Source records
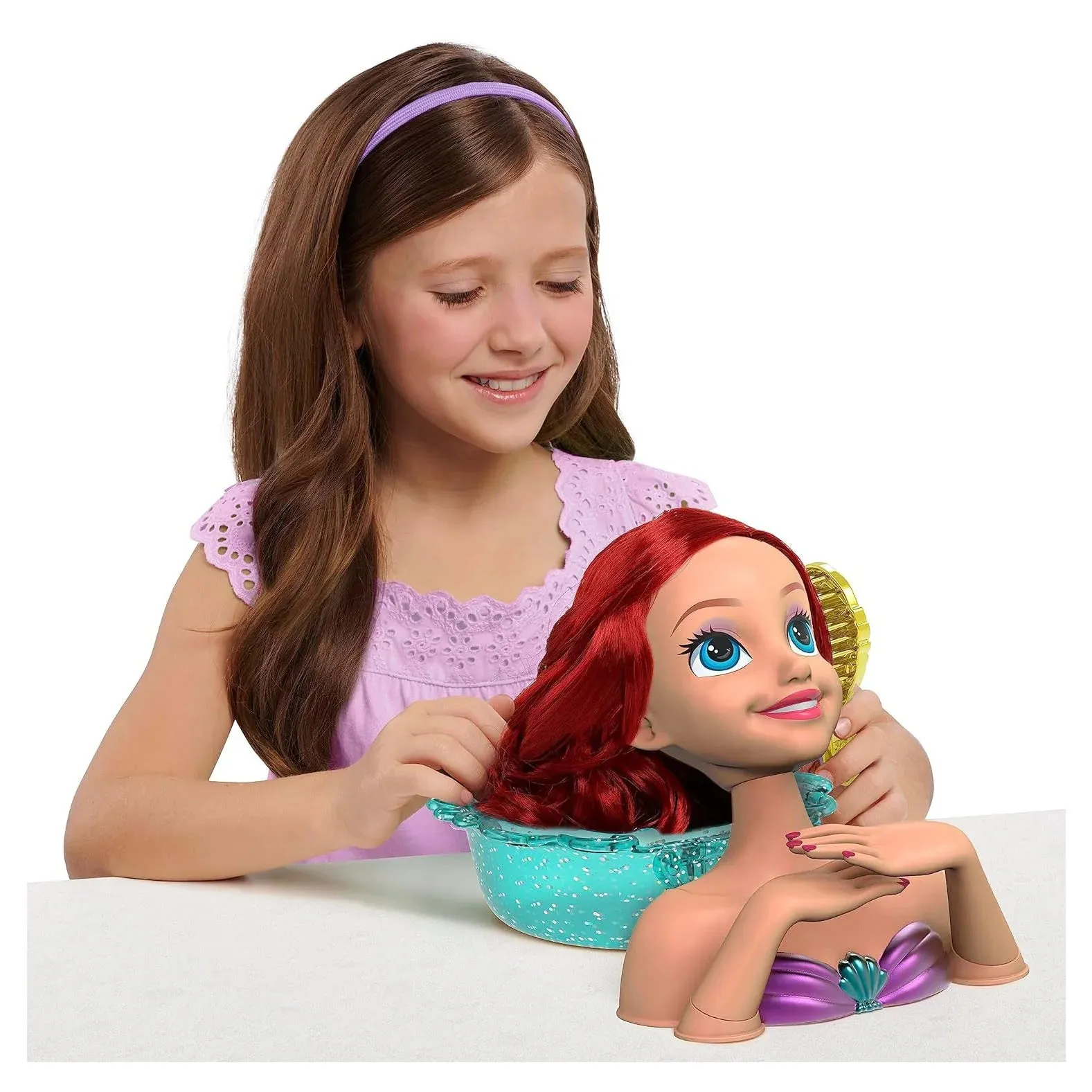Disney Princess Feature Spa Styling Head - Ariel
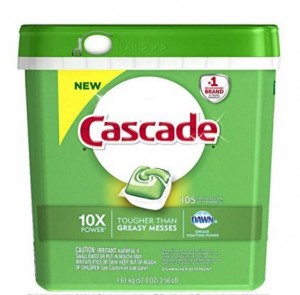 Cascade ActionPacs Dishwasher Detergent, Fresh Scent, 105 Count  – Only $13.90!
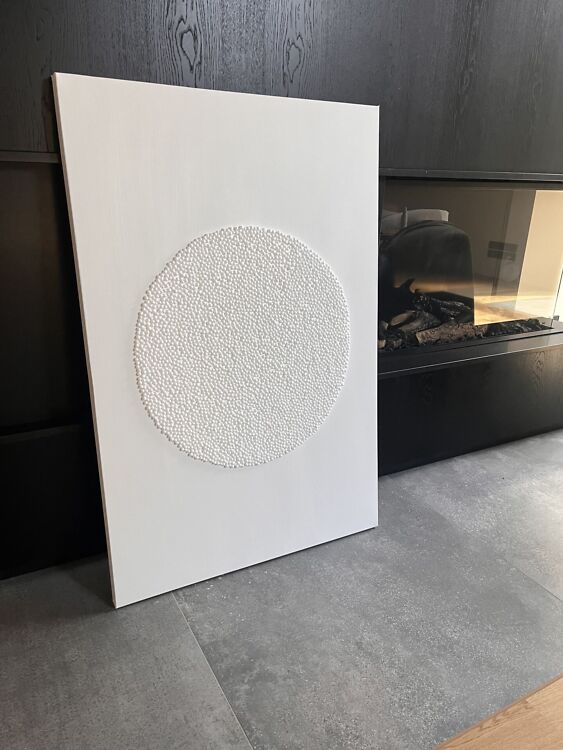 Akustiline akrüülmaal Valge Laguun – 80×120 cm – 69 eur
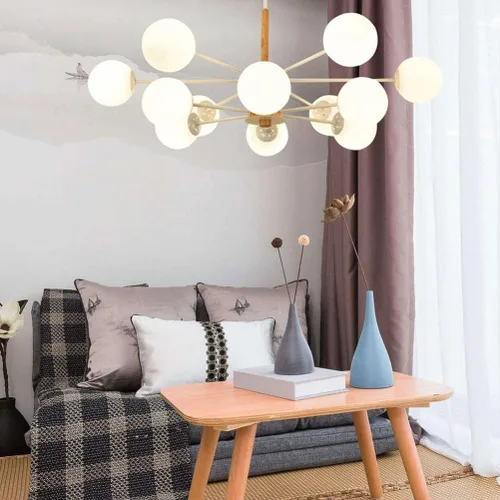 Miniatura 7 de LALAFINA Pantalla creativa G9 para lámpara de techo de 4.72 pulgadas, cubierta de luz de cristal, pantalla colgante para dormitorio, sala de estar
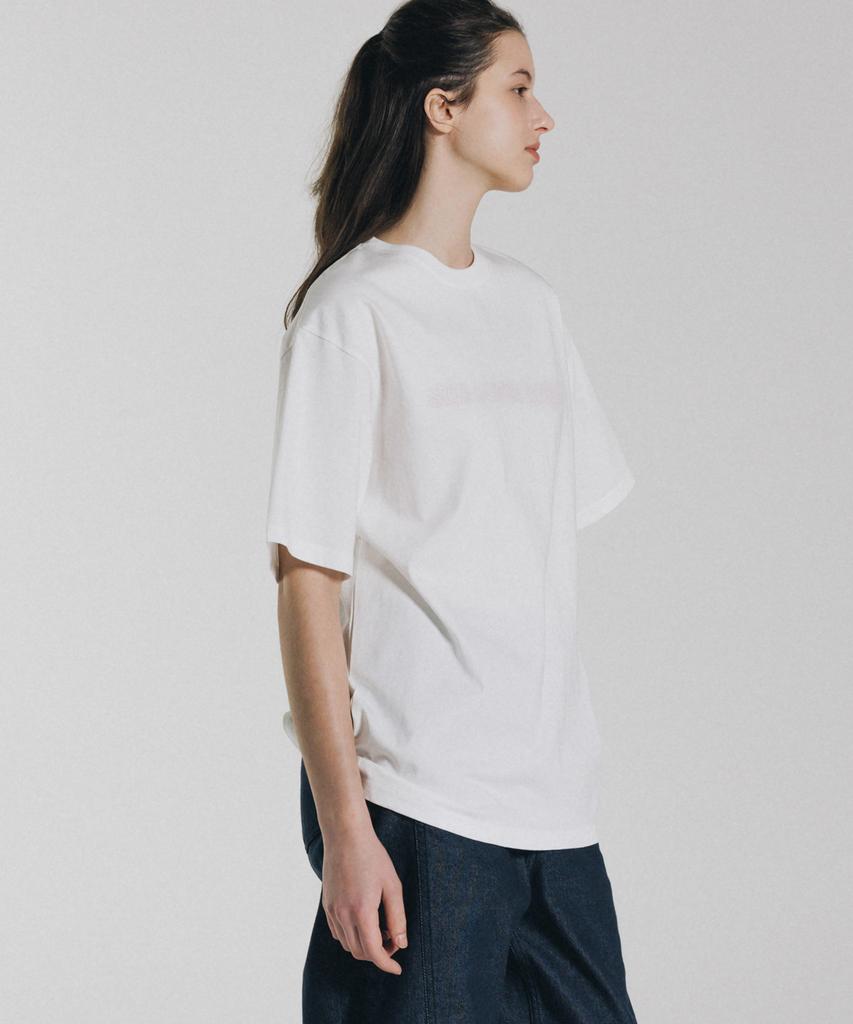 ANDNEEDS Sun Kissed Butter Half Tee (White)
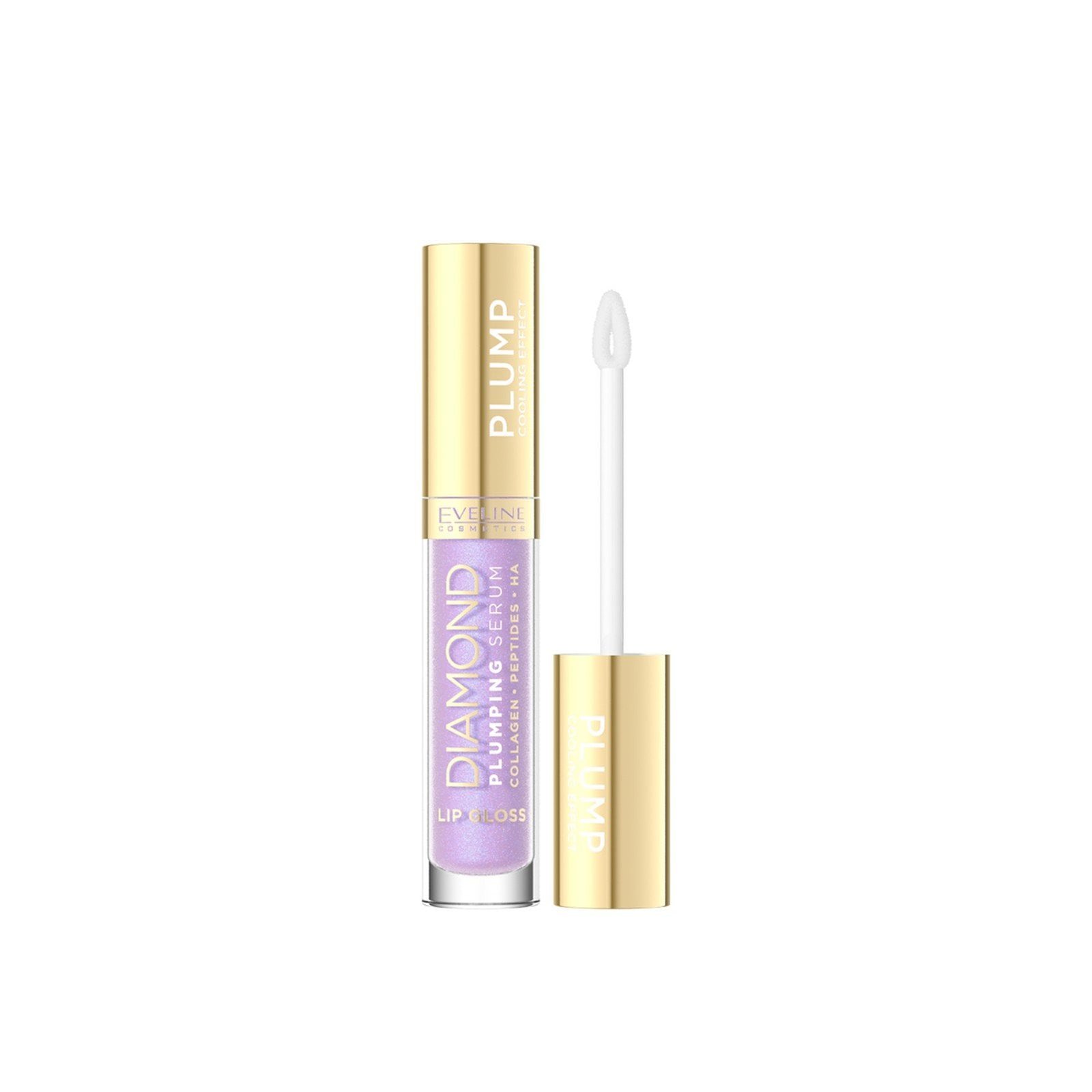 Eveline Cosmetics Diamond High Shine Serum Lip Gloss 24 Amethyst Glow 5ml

- **What this task involves**:
In your copy, include every record word for word but no pictures.

- **Solved exercise**:
Disney Princess Feature Spa Styling Head - Ariel
 Cascade ActionPacs Dishwasher Detergent, Fresh Scent, 105 Count  – Only $13.90!
 Akustiline akrüülmaal Valge Laguun – 80×120 cm – 69 eur
 Miniatura 7 de LALAFINA Pantalla creativa G9 para lámpara de techo de 4.72 pulgadas, cubierta de luz de cristal, pantalla colgante para dormitorio, sala de estar
 ANDNEEDS Sun Kissed Butter Half Tee (White)
 Eveline Cosmetics Diamond High Shine Serum Lip Gloss 24 Amethyst Glow 5ml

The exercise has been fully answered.